Checks that the column standard deviation falls inside [lower_bound, upper_bound].

from ydata.constraints import StandardDeviationBetween

c = StandardDeviationBetween(lower_bound=0, upper_bound=15, columns=["age"])

QuantileBetween

Checks that a given quantile of the column falls inside [lower_bound, upper_bound].

from ydata.constraints import QuantileBetween

# 90th percentile of transaction amount must be below 800
c = QuantileBetween(quantile=0.90, lower_bound=0, upper_bound=800, columns=["tx_amount"])
Parameter Type Description
quantile float Quantile to compute, in [0, 1]
lower_bound float Lower bound (right-open by default)
upper_bound float Upper bound
columns str \| list[str] \| None Column(s) to check

MinBetween / MaxBetween

Checks that the column minimum or maximum falls inside [lower_bound, upper_bound].

from ydata.constraints import MinBetween

# Column minimum must be >= 0 and <= 18 (sanity check)
c = MinBetween(lower_bound=0, upper_bound=18, columns=["age"])
from ydata.constraints import MaxBetween

# Column maximum must not exceed 10 000
c = MaxBetween(lower_bound=0, upper_bound=10_000, columns=["tx_amount"])
Parameter Type Description
lower_bound float Minimum allowed value for the column's min/max
upper_bound float Maximum allowed value for the column's min/max
columns str \| list[str] \| None Column(s) to check

NullRateLowerThan

Checks that the proportion of null values is strictly below value. Prefer this over NullValuesCountLowerThan — it works regardless of dataset size.

from ydata.constraints import NullRateLowerThan

# Less than 5% of values may be null
c = NullRateLowerThan(value=0.05, columns=["income", "age"])
Parameter Type Description
value float Maximum null rate (exclusive), in [0, 1]
columns str \| list[str] \| None Column(s) to check

NullValuesCountLowerThan

Checks that the absolute count of null values is below value.

from ydata.constraints import NullValuesCountLowerThan

c = NullValuesCountLowerThan(value=10, columns=["income"])

Tip

For most use cases, prefer NullRateLowerThan — it doesn't require you to know the dataset size in advance.


UniqueValuesBetween / Constant

Checks the number of unique values in a column.

from ydata.constraints import UniqueValuesBetween

# Column must have between 2 and 10 distinct values
c = UniqueValuesBetween(lower_bound=2, upper_bound=10, columns=["category"])
from ydata.constraints import Constant

# Column must have exactly 1 unique value (i.e. be constant)
c = Constant(columns=["version"])

SumLowerThan

Checks that the column sum is below value.

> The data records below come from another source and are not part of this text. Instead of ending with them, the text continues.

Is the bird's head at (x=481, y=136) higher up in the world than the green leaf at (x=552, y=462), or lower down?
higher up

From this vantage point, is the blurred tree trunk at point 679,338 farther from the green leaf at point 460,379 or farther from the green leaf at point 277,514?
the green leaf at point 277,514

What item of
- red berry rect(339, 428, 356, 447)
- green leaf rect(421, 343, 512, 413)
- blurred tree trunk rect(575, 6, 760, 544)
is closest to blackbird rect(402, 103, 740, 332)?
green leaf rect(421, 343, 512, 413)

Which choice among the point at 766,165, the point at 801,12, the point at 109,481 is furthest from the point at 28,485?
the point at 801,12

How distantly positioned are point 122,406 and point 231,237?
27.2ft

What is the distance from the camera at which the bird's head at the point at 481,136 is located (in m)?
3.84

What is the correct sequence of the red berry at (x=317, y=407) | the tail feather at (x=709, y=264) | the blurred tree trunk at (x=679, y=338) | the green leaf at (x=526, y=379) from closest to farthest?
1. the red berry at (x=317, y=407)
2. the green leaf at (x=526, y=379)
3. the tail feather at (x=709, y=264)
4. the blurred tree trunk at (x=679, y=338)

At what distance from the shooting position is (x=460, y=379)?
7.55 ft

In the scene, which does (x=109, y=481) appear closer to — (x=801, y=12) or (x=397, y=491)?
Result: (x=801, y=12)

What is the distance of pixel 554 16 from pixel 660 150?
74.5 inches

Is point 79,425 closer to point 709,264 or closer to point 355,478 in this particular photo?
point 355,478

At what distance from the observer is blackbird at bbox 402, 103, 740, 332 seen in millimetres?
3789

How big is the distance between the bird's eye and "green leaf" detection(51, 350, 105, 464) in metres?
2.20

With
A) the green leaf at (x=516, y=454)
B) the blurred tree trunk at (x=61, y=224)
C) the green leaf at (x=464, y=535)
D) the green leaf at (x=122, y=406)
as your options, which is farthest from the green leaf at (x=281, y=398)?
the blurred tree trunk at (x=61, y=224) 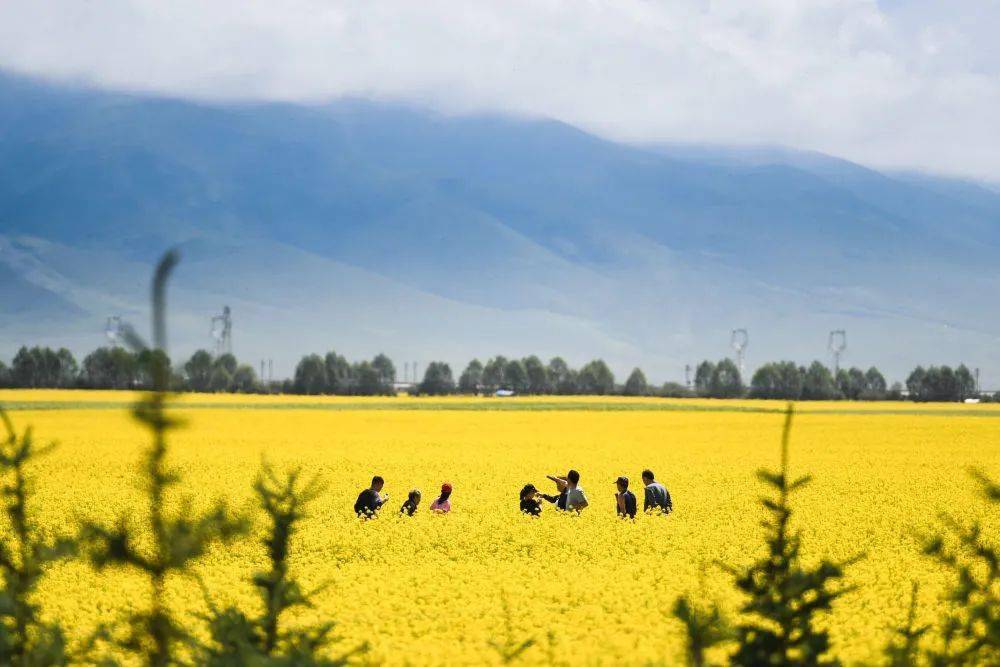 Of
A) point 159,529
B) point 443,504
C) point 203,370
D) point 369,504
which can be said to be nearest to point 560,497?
point 443,504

from ydata.constraints import SumLowerThan

c = SumLowerThan(value=1_000_000, columns=["daily_spend"])

CustomConstraint (column)

For any aggregate logic not covered above, use CustomConstraint with axis="column". The callable receives a pd.Series (one full column at a time) and must return a boolean scalarTrue if the column passes, False if it violates.

from ydata.constraints import CustomConstraint

# Less than 5% of values below 18
c = CustomConstraint(
    lambda col: (col < 18).mean() < 0.05,
    columns=["age"],
    name="underage_rate",
    axis="column",
)

# All values must be within 3 standard deviations of the mean
c = CustomConstraint(
    lambda col: ((col - col.mean()).abs() / col.std() < 3).all(),
    columns=["income"],
    name="no_outliers",
    axis="column",
)
Parameter Type Description
check Callable Receives a pd.Series, returns a bool
columns str \| list[str] \| None Column(s) to evaluate (each independently)
name str \| None Optional label
axis str Must be "column" (or "columns")

Generic: Interval / GreaterThan / LowerThan / Equal

These lower-level classes accept any callable as the check function, making them fully composable.

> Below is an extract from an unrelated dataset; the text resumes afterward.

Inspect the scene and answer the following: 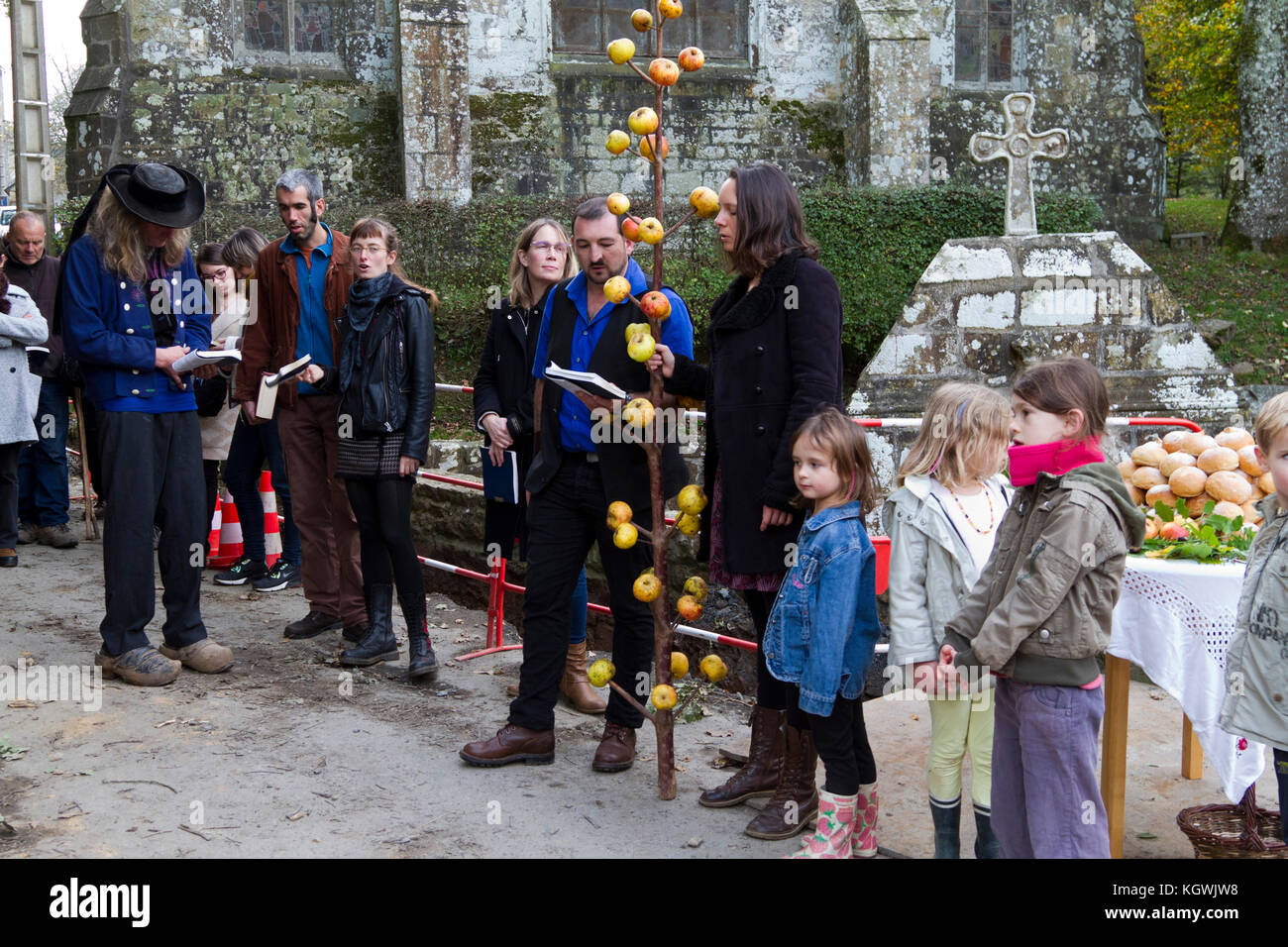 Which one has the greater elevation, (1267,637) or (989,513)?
(989,513)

from ydata.constraints import ColumnGreaterThan, ColumnLowerThan
from ydata.constraints.columns import Interval, Equal

def nunique(col):
    return col.nunique()

# Cardinality must be > 1 (not constant)
c = ColumnGreaterThan(check=nunique, columns=["category"], value=1)

# Mean must equal 0 ± 0.1
c = Equal(check=lambda col: col.mean(), columns=["residuals"], value=0, tolerance=0.1)